Let’s get back to the original second degree manslaughter charge. For the State, this is the most viable charge because it could successfully argue that with Chauvin’s knee on Floyd’s neck, with Floyd’s repeated pleas that he couldn’t breathe, Chauvin “creat[ed] an unreasonable risk, and consciously t[ook]chances of causing death or great bodily harm to [Floyd].”

This brings us back to AG Ellison and his abuse of prosecutorial discretion. The local prosecutor had a viable prosecution, yet, Ellison, appointed by the governor, gave into public pressure by piling on a charge which he has little chance to prove. Ellison admitted that “winning a conviction will be hard,” and noted that there had been only one prior successful prosecution in Minnesota of a police officer for murder. Ellison also said he felt a “tremendous sense of weight”—likely the immense pressure and calls for “justice” by protesters and the governor that led to the upgraded charges against Chauvin.
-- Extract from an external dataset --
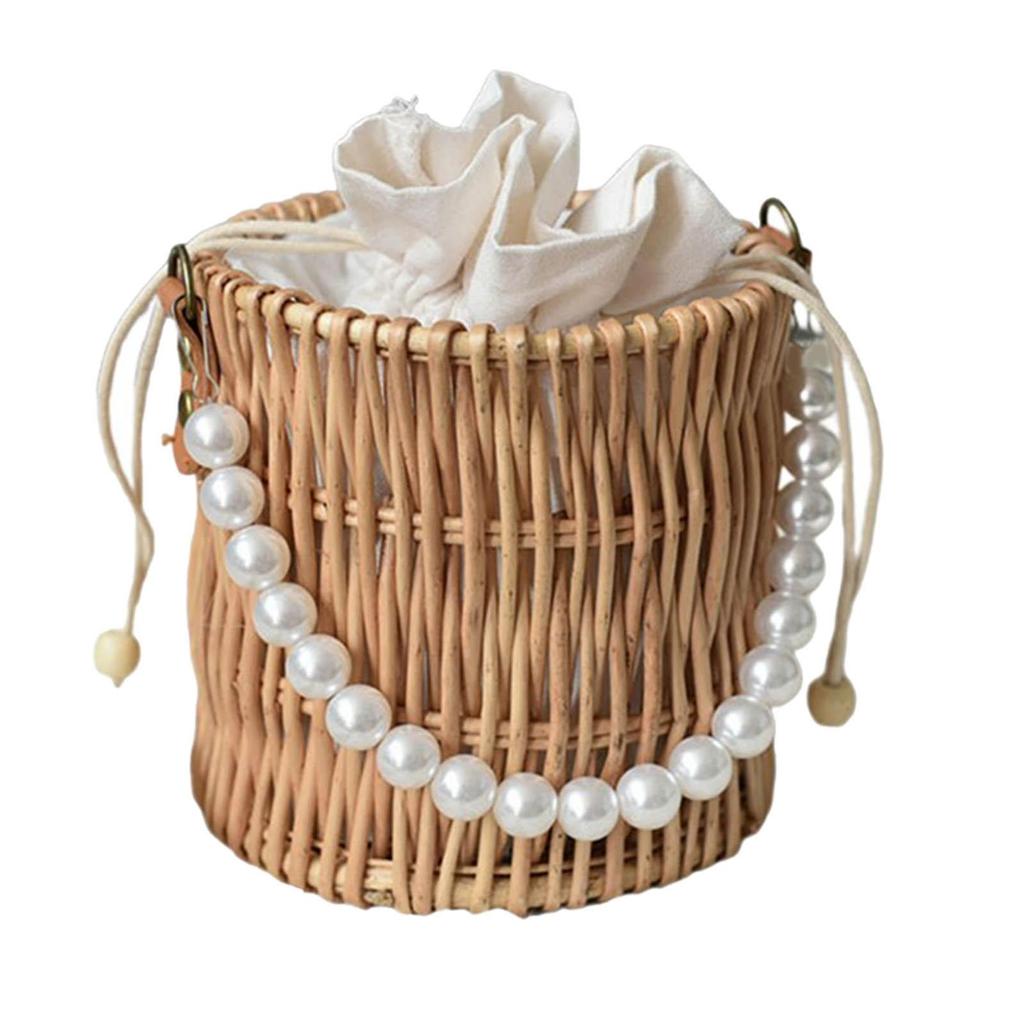 Hand Woven Rattan Handbag for Women Top Handle Boho Small Fashion Bucket Bag Purse Basket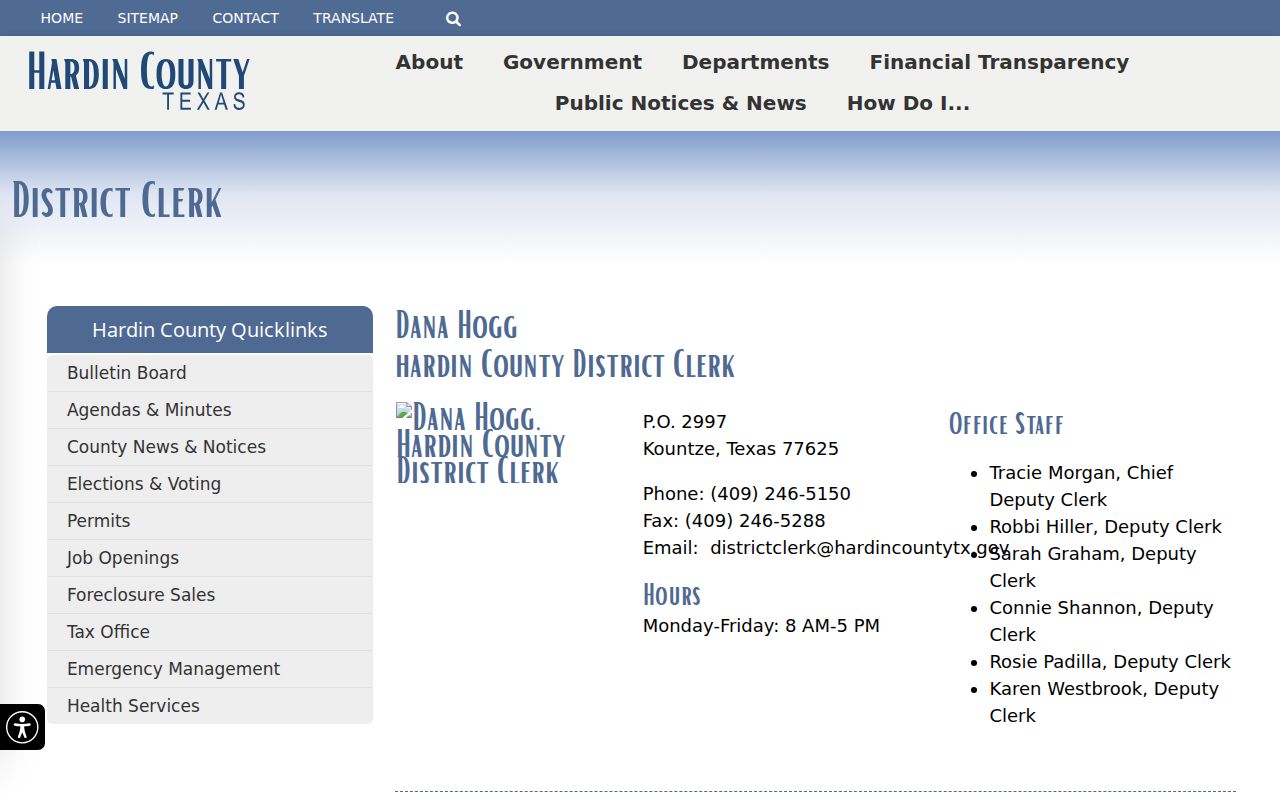 Hardin County warrant records: District Clerk felony records and forms page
By unreasonably upgrading the charges against Chauvin, however, Ellison argained with the public, and gave into demands for blood not “justice.” Ellison abused his power in placating the masses. Manslaughter is a viable charge, third-degree murder is a stretch, but second-degree murder is out of bounds. How will Ellison appease, if Chauvin is acquitted of second-and third-degree murder?

Even with the video footage, the State has the burden of proving beyond a reasonable doubt that Chauvin used unauthorized “deadly” force. With the guerrilla tactic of prosecutors charge-stacking as Ellison did here, and what the National Association of Criminal Defense Lawyers call a “trial penalty,” punishing someone for exercising one’s constitutional right to a jury trial, Chauvin may plead to manslaughter to avoid the chance of spending 40 years in prison.

To achieve justice for Floyd, Chauvin and his fellow former cops must get a fair trial. Despite the major step back with Ellison’s abuse of prosecutorial discretion, we’ve come a long way since Daniel Pantaleo choked Eric Garner to death.